Mais, notons aussi que hormis l'île de Grenade touchée par Emily, les Petites Antilles auront été épargnées cette année. Et on peut dire que l'archipel de la Guadeloupe comme l'île de la Martinique ont ainsi vécu une année 2005 plutôt calme sur le front des cyclones .
La saison 2005 totalise donc 27 phénomènes cycloniques baptisés : le précédent record est pulvérisé, il datait de 1933 et était établi à 21 phénomènes. La liste des prénoms utilisée par le Centre de prévision cyclonique de Miami a été épuisée pour la première fois avec Wilma fin octobre. Il a fallu avoir recours ensuite durant les 2 mois suivants à l'alphabet grec, pour 6 cyclones, de Alpha à Zeta.
Durant la saison, 14 ouragans (vents supérieurs à 118 km/h) se sont formés. Parmi eux, 7 d'entre eux ont atteint ou dépassé la classe 3 de l'échelle des ouragans de Saffir-Simpson (vents soutenus dépassant 180 km/h), dont 3 de classe maximale 5.
Enfin, pour en finir avec les records de l'année, des mesures par avion ont révélé au cur de Wilma une pression atmosphérique record de 882 hectoPascals (hPa). C'est la valeur barométrique - au niveau de la mer - la plus basse jamais enregistrée dans la zone de l'Atlantique, Caraïbes et Golfe du Mexique. Le précédent record pour la région était détenu par Gilbert en septembre 1988 avec 888 hPa à proximité de la Jamaïque. Le record mondial reste toutefois détenu par le typhon TIP le 12 octobre 1979 dans le Pacifique nord avec une pression estimée à 870 hPa.

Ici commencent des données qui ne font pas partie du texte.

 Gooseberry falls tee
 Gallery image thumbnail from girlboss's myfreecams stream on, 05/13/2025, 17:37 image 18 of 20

On a évoqué l'aspect destructeur et meurtrier de cette saison, notamment dans les Caraïbes, en Amérique Centrale et aux Etats-Unis. Il est essentiellement dû aux cyclones suivants :
- DENNIS (classe 4) a fait une quarantaine de victimes
sur Cuba puis a touché durement le nord-ouest de la Floride
- EMILY a fortement endommagé l'île antillaise de Grenade puis
a touché sérieusement la Jamaïque (5 morts)

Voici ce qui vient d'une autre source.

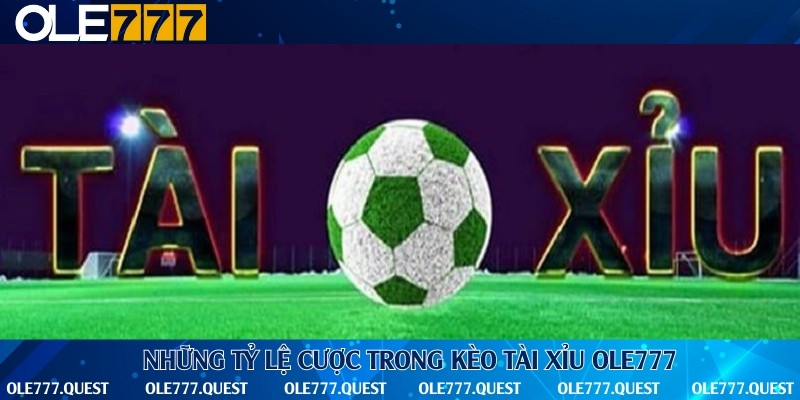 4 tỷ lệ cược tài xỉu thường chơi nhất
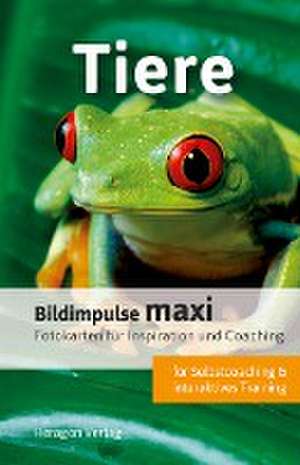 Bildimpulse maxi: Tiere de Bodo Pack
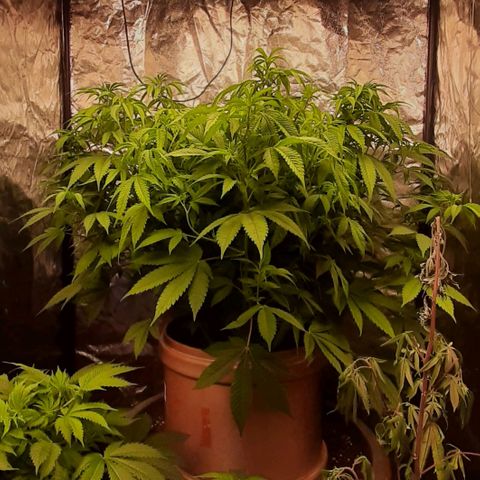 Think Tank growlog timeline photo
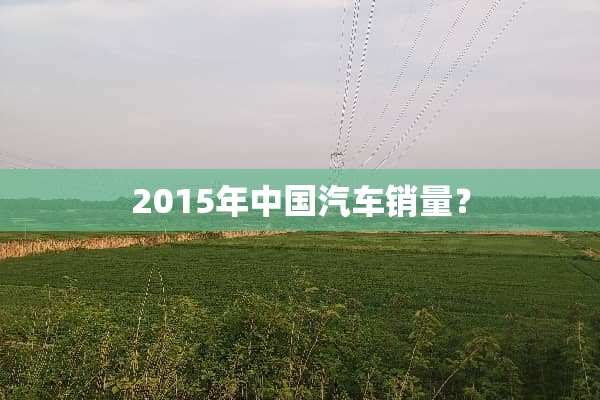2015年中国汽车销量？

- KATRINA, ouragan de catégorie 5 (vents dépassant 280 km/h),
a dévasté la région de La Nouvelle Orléans, la marée
de tempête et les pluies abondantes responsables d'inondations meurtrières
dans la ville (plusieurs centaines, peut-être 1200 à 1500 victimes
)
- RITA, après avoir sévi sur les Florida Keys, a provoqué
de nouveaux dégâts considérables sur la Louisiane et l'est
du Texas (6 morts)
- STAN a provoqué la désolation sur les régions montagneuses
du Guatemala, et les régions voisines, par des inondations et coulées
de boue meurtrières qui ont suivi son passage (officiellement plus de
750 victimes, mais on parle de 1000 à 1500 avec les disparus)
- WILMA, nouvel ouragan intense (vents supérieurs à 280 km/h au
large du Yucatan) de l'extrême ouest de la Mer des Caraïbes, a sévi
3 jours dans la région de Cancun et Cozumel (Mexique), où on recensa
22 victimes, avant de passer sur le sud de la Floride de manière un peu
affaiblie
- ALPHA, perturbation pluvieuse, est passé sur l'île de Hispaniola
en faisant une vingtaine de victimes dans des inondations en Haïti et République
Dominicaine
- GAMMA, autre perturbation de faible intensité venteuse, responsable
d'au moins 37 morts suite aux inondations sur le Honduras.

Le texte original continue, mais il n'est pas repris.